*Work request*
Return only the lines running from the top of the entries to the line with "Savannah Guthrie’s mother", inclusive, exactly as written.

Short descriptive text snippets:
------------------------------------------------
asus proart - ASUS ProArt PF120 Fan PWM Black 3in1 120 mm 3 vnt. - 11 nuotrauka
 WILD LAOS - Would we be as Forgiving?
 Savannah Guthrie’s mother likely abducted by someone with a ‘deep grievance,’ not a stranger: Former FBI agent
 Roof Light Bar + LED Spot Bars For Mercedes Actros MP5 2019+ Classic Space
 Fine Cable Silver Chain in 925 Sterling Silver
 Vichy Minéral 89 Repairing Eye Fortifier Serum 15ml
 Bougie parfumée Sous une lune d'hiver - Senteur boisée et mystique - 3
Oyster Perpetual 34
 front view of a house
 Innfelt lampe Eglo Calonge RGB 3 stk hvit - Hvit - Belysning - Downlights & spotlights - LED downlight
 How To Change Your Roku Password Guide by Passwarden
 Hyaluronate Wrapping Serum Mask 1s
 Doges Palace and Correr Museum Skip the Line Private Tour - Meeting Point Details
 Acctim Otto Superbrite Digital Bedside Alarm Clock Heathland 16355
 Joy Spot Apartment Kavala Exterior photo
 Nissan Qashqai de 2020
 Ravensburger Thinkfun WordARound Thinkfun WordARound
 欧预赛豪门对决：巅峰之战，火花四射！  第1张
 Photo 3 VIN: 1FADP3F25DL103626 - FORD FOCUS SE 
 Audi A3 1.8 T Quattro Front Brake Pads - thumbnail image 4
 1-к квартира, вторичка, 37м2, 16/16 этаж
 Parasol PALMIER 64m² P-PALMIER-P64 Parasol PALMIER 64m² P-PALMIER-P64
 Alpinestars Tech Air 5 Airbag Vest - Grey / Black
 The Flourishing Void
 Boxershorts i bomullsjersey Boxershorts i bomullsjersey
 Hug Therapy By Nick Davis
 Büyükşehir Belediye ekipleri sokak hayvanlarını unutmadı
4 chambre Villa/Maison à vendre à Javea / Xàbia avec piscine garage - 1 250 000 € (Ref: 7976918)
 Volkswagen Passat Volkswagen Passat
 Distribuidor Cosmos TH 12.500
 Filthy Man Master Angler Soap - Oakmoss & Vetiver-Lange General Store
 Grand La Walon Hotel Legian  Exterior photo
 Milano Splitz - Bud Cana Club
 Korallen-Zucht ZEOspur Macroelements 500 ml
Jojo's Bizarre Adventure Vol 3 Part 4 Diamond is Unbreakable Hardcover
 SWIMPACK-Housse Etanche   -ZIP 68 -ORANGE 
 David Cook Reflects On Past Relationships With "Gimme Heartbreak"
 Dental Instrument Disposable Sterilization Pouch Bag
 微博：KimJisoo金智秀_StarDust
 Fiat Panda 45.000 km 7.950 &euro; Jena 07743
------------------------------------------------
*Task solution*
asus proart - ASUS ProArt PF120 Fan PWM Black 3in1 120 mm 3 vnt. - 11 nuotrauka
 WILD LAOS - Would we be as Forgiving?
 Savannah Guthrie’s mother likely abducted by someone with a ‘deep grievance,’ not a stranger: Former FBI agent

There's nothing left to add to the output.